En Espagne, on roule une pâte sablée et sucrée à laquelle on a ajouté des amandes en poudre. On forme des cylindres d’une dizaine de centimètres auxquels on donne une forme de doigts ridés. A l’une des extrémités, on colle une amande non émondée avec un peu de gelée de groseille (ou de framboise). On colore le tout au jaune d’œuf et on enfourne (190°C) pour une dizaine de minutes. Il existe une version salée de ces doigts de sorcière, sans sucre, avec de la sauce tomate à la place de la confiture de groseille.
Les huesos de santo
ou os de saints madrilènes

Fabriquez une pâte d’amande avec 100 g d’amandes crues émondées, 80 g de sucre et 40 ml d’eau. Dissolvez le sucre dans l’eau et vous amenez à ébullition. Hors du feu ajoutez lentement les amandes réduites en poudre en pétrissant pour obtenir une pâte bien lisse, un peu collante. Laissez reposer au froid 1 heure au moins. (On ne vous en voudra pas si vous vous procurez de la pâte d’amande toute prête…)
Sur une plaque saupoudrée de sucre glace, formez des carrés de pâte d’amande de 5 cm et 3 mm d’épaisseur, tracez des sillons espacés de 1 cm et formez des petits cylindres autour d’une cuillère de bois.
Faites un sirop avec 100 g de sucre et 50 ml d’eau, portez à ébullition et laissez refroidir ; dans un saladier, battez quatre jaunes d’œufs avant d’ajouter graduellement le sirop refroidi sans cesser de remuer. Faites cuire au bain-marie pendant 20 mn en remuant constamment, jusqu’à obtenir une crème épaisse. Laissez refroidir.
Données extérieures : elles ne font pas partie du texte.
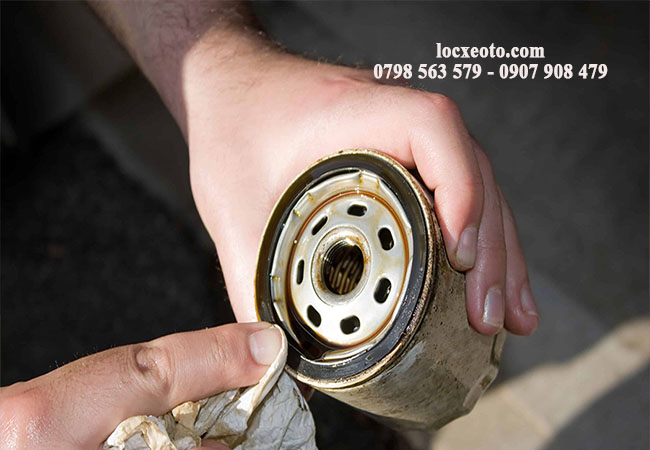 lau khô, kiểm tra kĩ và lắp lọc dầu vào hệ thống lau khô, kiểm tra kĩ và lắp lọc dầu vào hệ thống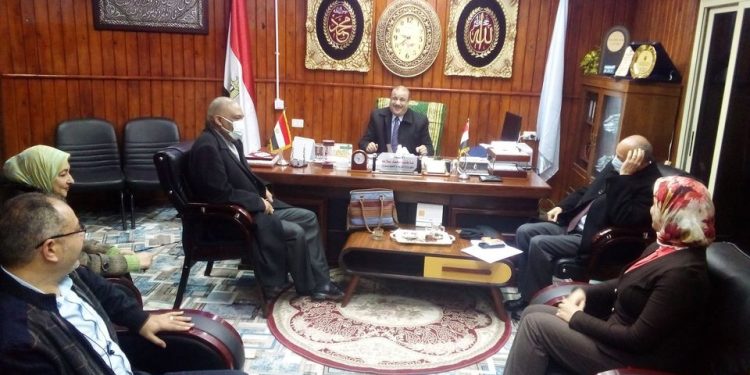 محافظ مطروح يزف بشرى سارة للعاملين بمدن غرب المحافظة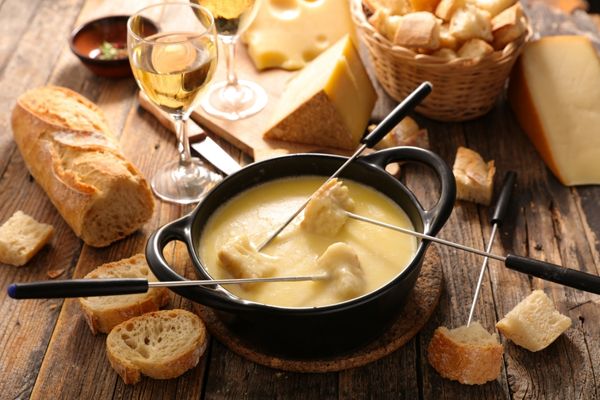 Read more about the article 15 Best Wines with Fondue & Raclette (White and Red Wine Options)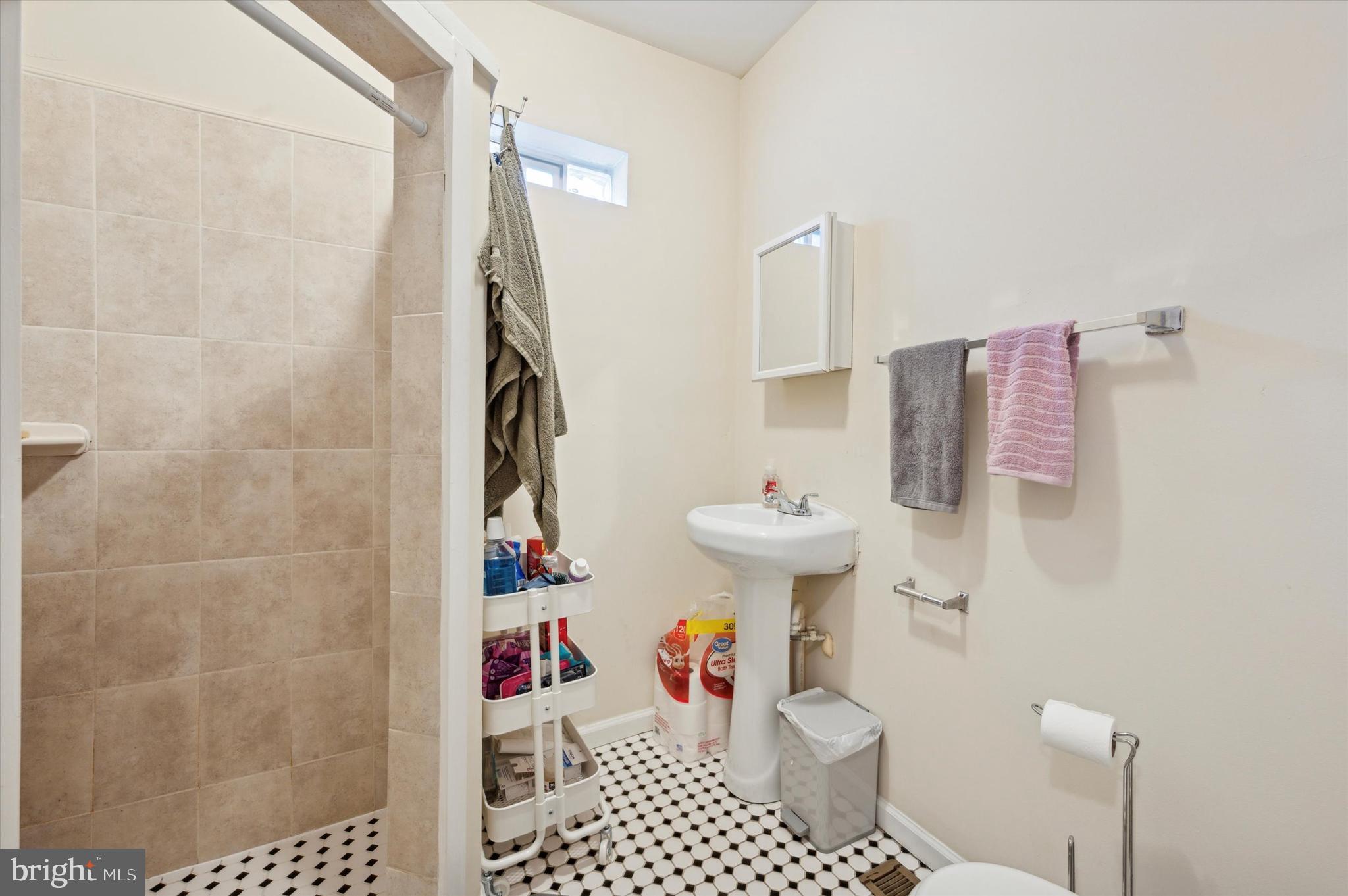 1531 Fontain Street Philadelphia, PA 19121 - Photo 12 of 15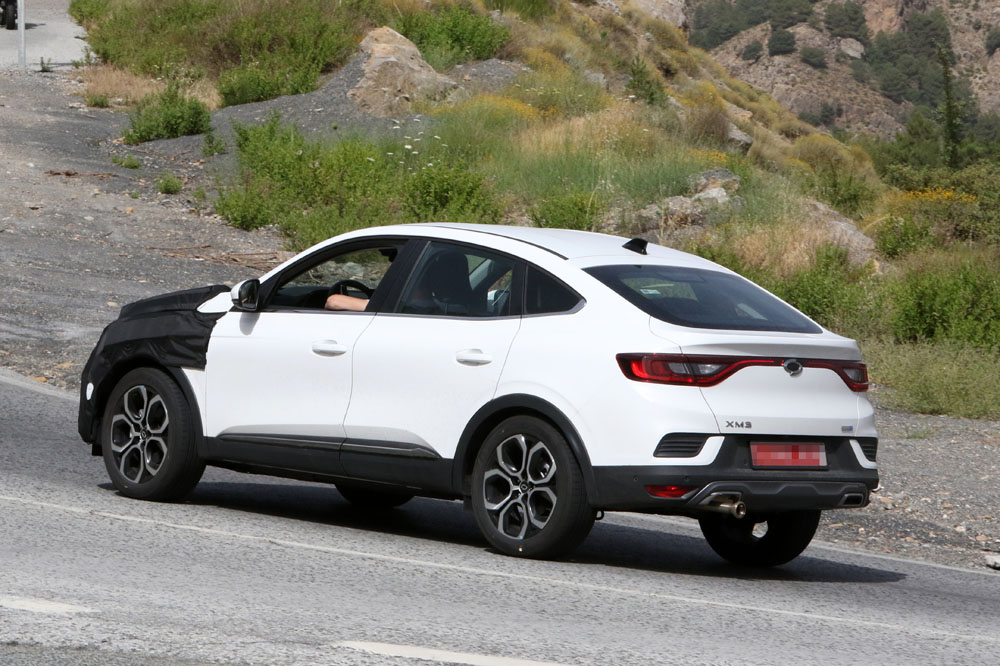 Renault Arkana facelift 17 Motor16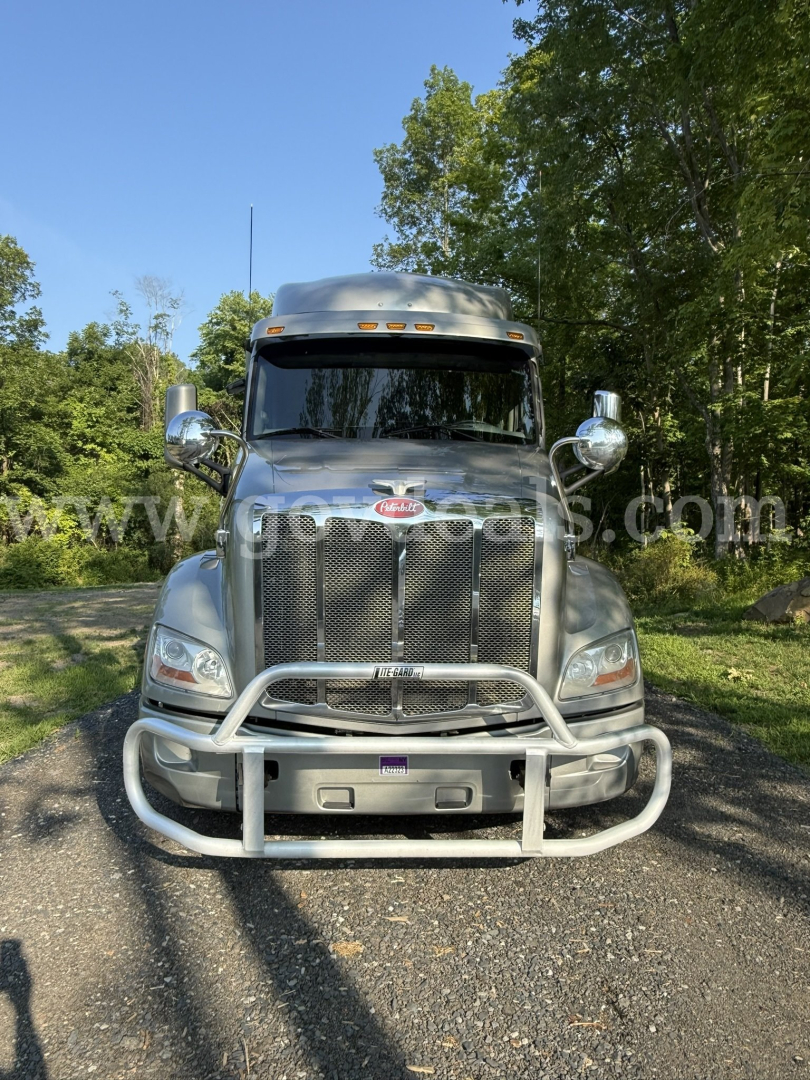 Peterbilt 579 truck front view showing grille, bumper guard, and chrome mirrors.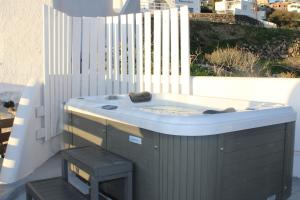 Foto sihtkohas Akrotíri asuva majutusasutuse Villa Solasta #2 with jacuzzi in Santorini galeriist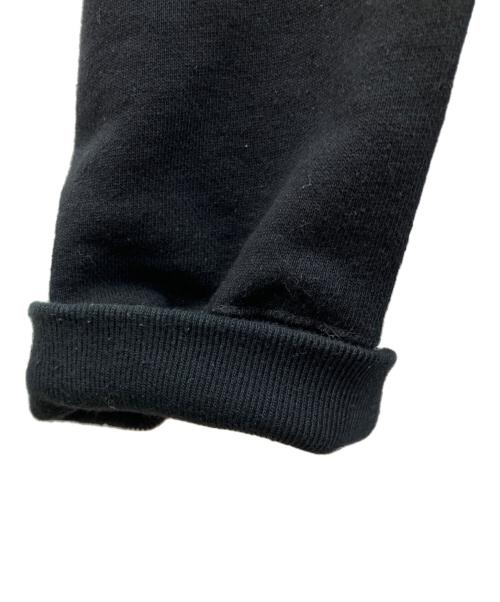 THE BLACK EYE PATCH（ブラックアイパッチ）THE BLACK EYE PATCH (ブラックアイパッチ) 取扱注意ラインストーンスウェット ブラック サイズ:XLの古着・服飾アイテム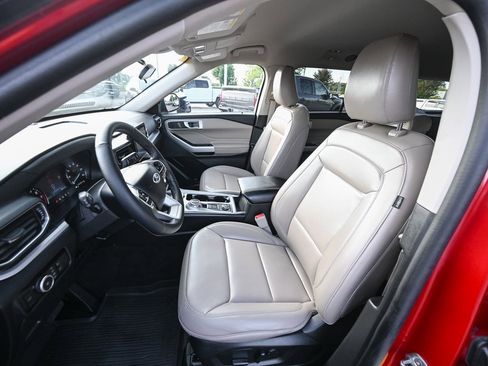 Certified 2023 Ford Explorer XLT w/ Equipment Group 202A image 19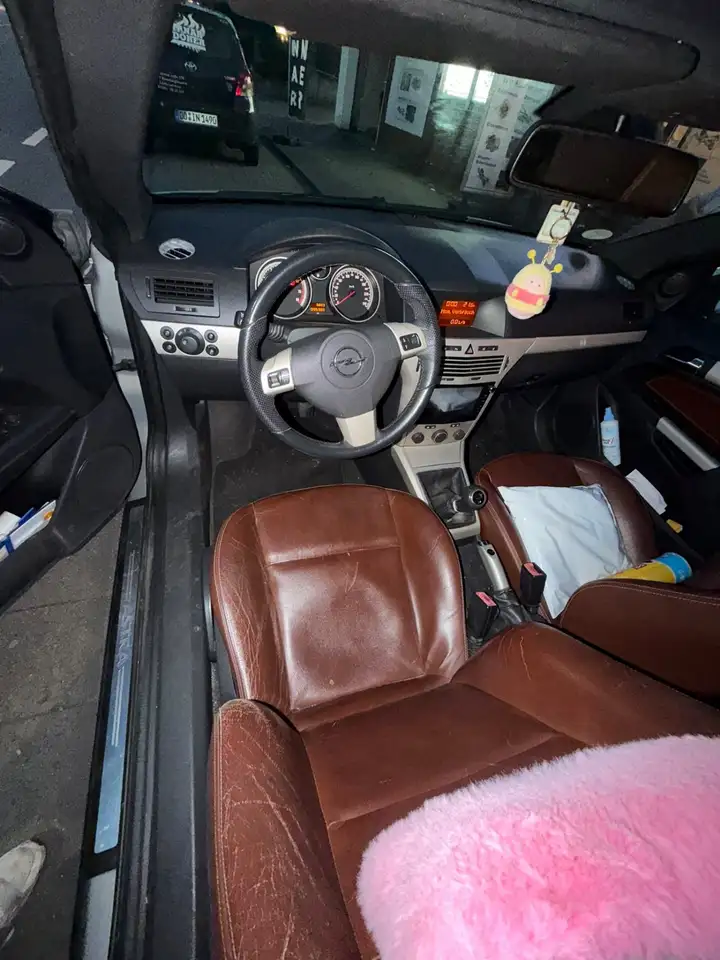 Opel Astra Cabrio 1.6i Bertone Edition, foto 11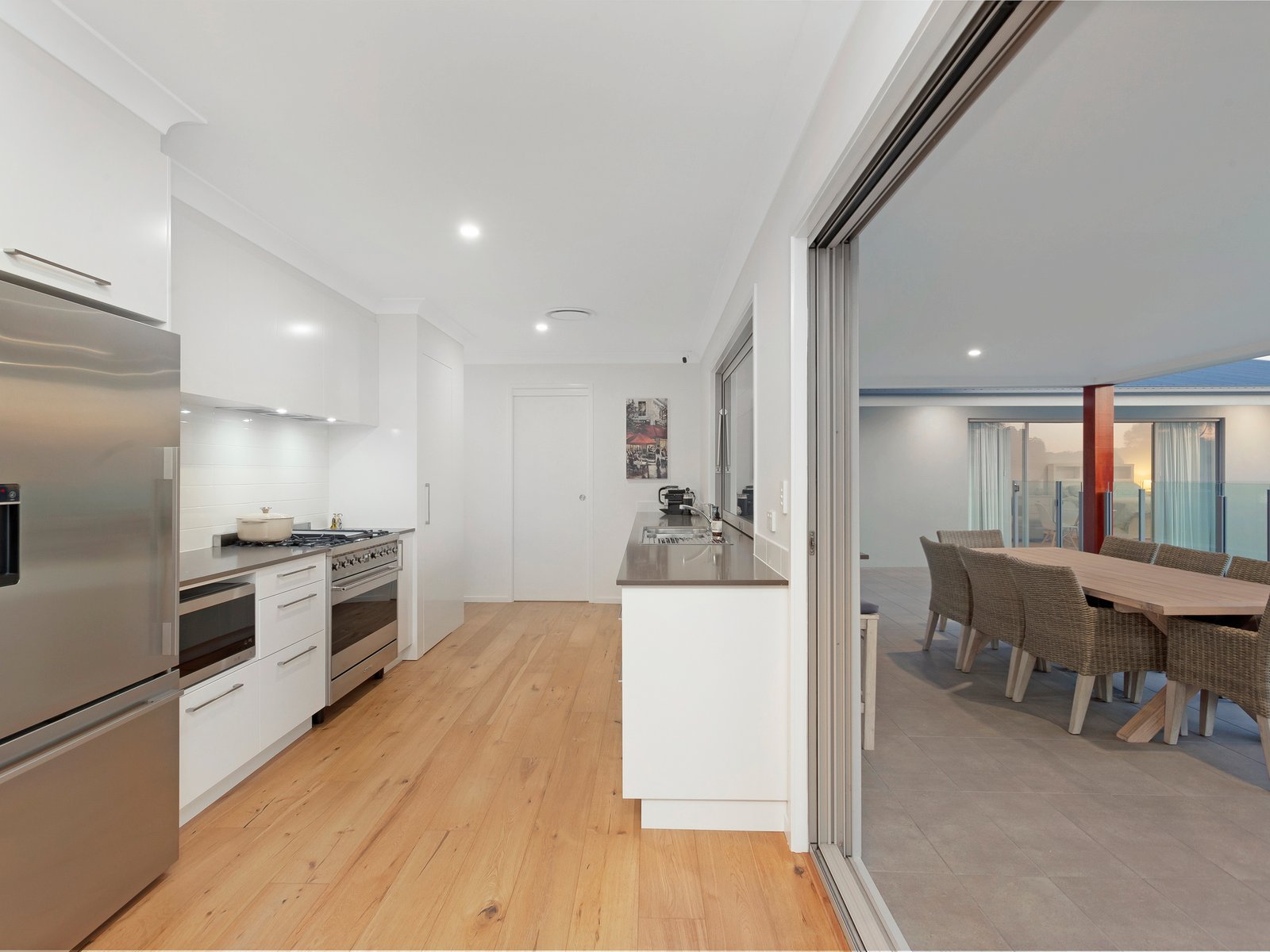 4 Spoonbill Court BURLEIGH WATERS 7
Fourrez les cylindres par leurs deux extrémités avec cette crème refroidie à la poche à douille. Recouvrez de glaçage et laissez sécher sur une grille.
Les “os de saints” peuvent se conserver dans un récipient hermétique
Les Soul Cakes
de Grande Bretagne

Chaque “gâteau de l’âme” représente l’âme d’un défunt. Ils étaient distribués en récompense aux chanteurs (soulers), des enfants et des pauvres qui allaient de porte en porte en chantant des prières pour les morts. Cette tradition est à l’origine de la menace “Trick or Treating” lancée par les enfants.
Ils sont composés de
– 375 g de farine,
– 1 pincée de sel,
– 2 cuillères à café de noix de muscade râpée,
– 2 cuillères à café de mélange 4 épices,
– 185 g de beurre mou,
– 155 g de sucre en poudre,
– 90 g de raisins secs blonds,
– 1 œuf,
– 12 cl de lait.
On rassemble tous les ingrédients pour former une pâte homogène. On forme des petits cercles de 8 cm environ, on trace deux diamètres perpendiculaires. On décore ces diamètres en ajoutant des raisins secs. On enfourne 10 mn à 220°C.